*EXERCISE DATA:*
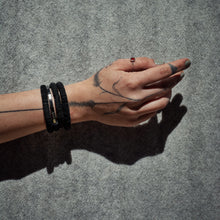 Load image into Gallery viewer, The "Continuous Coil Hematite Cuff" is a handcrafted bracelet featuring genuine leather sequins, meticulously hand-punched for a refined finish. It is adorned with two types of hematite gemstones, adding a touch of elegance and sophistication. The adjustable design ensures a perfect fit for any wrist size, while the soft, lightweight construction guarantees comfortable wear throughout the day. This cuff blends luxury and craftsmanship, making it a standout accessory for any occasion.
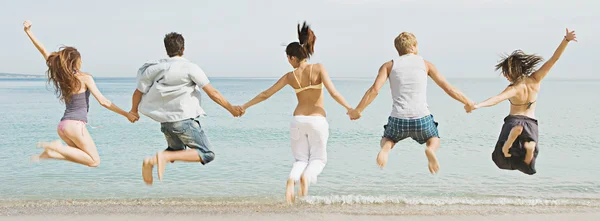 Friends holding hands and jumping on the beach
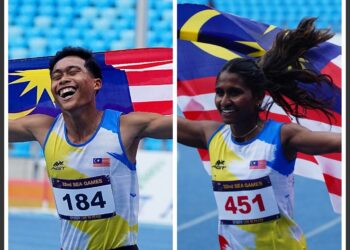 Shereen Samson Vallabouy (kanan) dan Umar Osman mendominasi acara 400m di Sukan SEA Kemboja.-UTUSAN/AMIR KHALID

==

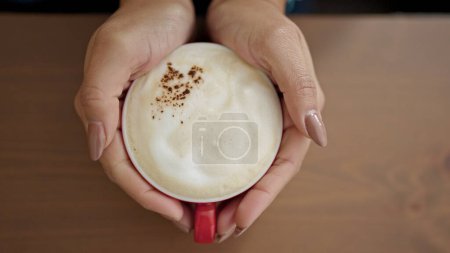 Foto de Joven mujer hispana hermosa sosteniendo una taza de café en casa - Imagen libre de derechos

* * *

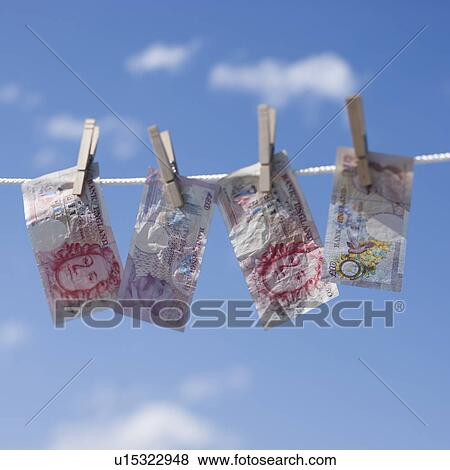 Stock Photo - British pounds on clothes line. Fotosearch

*EXERCISE DETAILS:* Set the pictures aside and transcribe exactly the stretch of lines above, beginning with the one holding "Load image into" and ending with the one holding "Shereen Samson Vallabouy".

*ANSWER BOX:*
 Load image into Gallery viewer, The "Continuous Coil Hematite Cuff" is a handcrafted bracelet featuring genuine leather sequins, meticulously hand-punched for a refined finish. It is adorned with two types of hematite gemstones, adding a touch of elegance and sophistication. The adjustable design ensures a perfect fit for any wrist size, while the soft, lightweight construction guarantees comfortable wear throughout the day. This cuff blends luxury and craftsmanship, making it a standout accessory for any occasion.
 Friends holding hands and jumping on the beach
 Shereen Samson Vallabouy (kanan) dan Umar Osman mendominasi acara 400m di Sukan SEA Kemboja.-UTUSAN/AMIR KHALID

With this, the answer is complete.